Located on a small knoll in the western section of the Yakima Valley, Red Willow Vineyard is hallowed ground in Washington wine country. The vineyard’s chapel is as recognizable an image as any in the industry, the vineyard’s fruit as distinctive as any grown in the state.
Together, Columbia Winery winemaker David Lake and grower Mike Sauer used Red Willow to help shape the state’s industry, exploring a number of different varieties – perhaps most notably planting the state’s first Syrah vines in 1986. Though Lake passed away in 2009, other winemakers continue to walk in his footsteps both figuratively and literally.
One of them is winemaker Mike Macmorran. Like many, Macmorran describes his first visit to Red Willow in almost spiritual terms.
“It was almost kind of like going to Mecca,” Macmorran says. “There are so many stories surrounding that vineyard, just the history of the place. I remember when we turned off the highway, I started looking for the chapel immediately and we’re still 35 minutes from our destination. I’m like ‘Where is it? Where is it?’”

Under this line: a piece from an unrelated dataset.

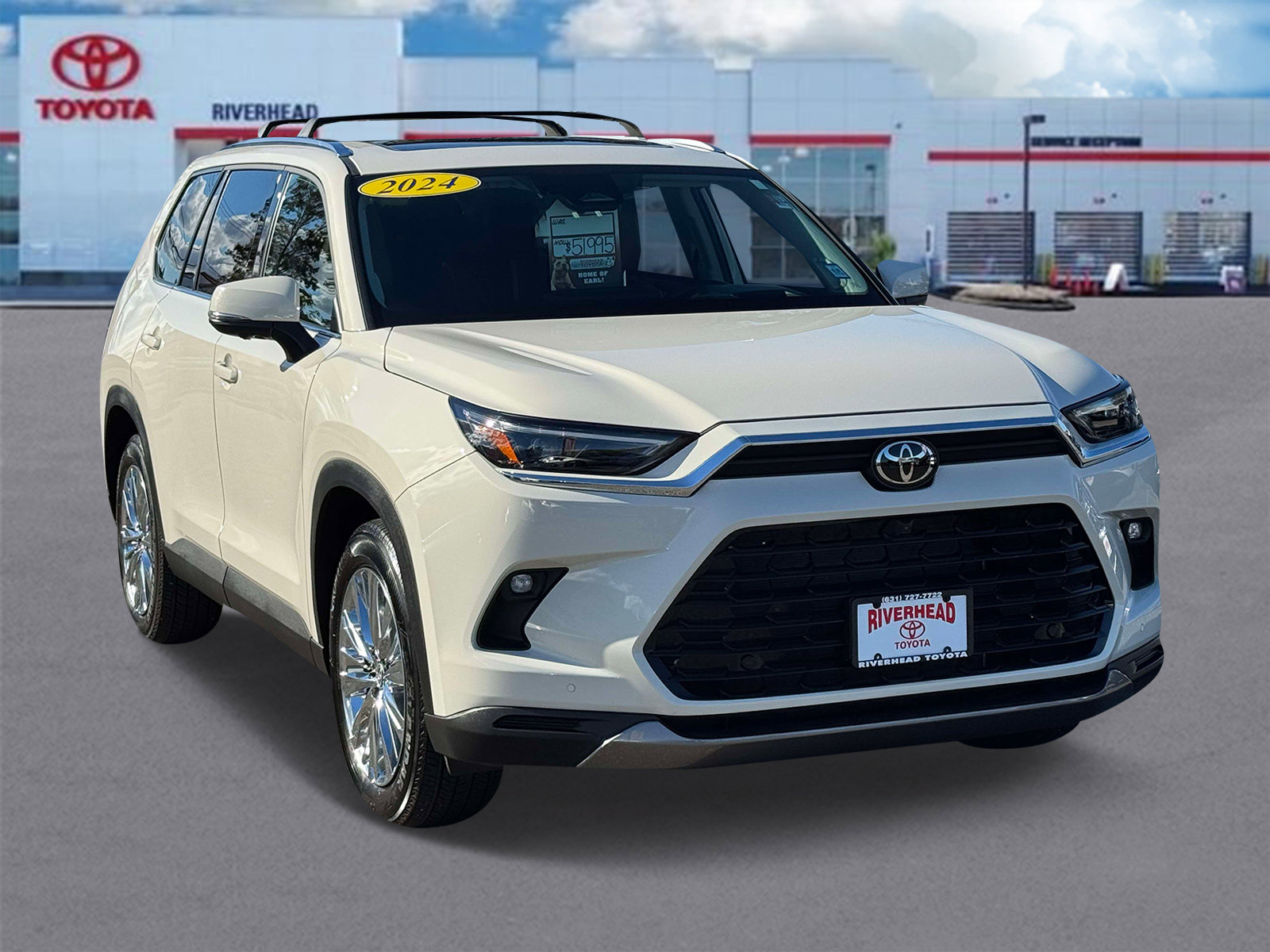 Used 2024 Toyota Grand Highlander Platinum image 2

Upon arriving on his first visit, Macmorran was greeted by the Sauers whose family has farmed land in the area for three generations. For Macmorran, vineyard founder Mike Sauer made an immediate impression.
“You shake hands and you kind of look Mike in the eye and you’re just immediately drawn to him and understand just how much passion he has for this land,” Macmorran says.
‘These are the vines we want’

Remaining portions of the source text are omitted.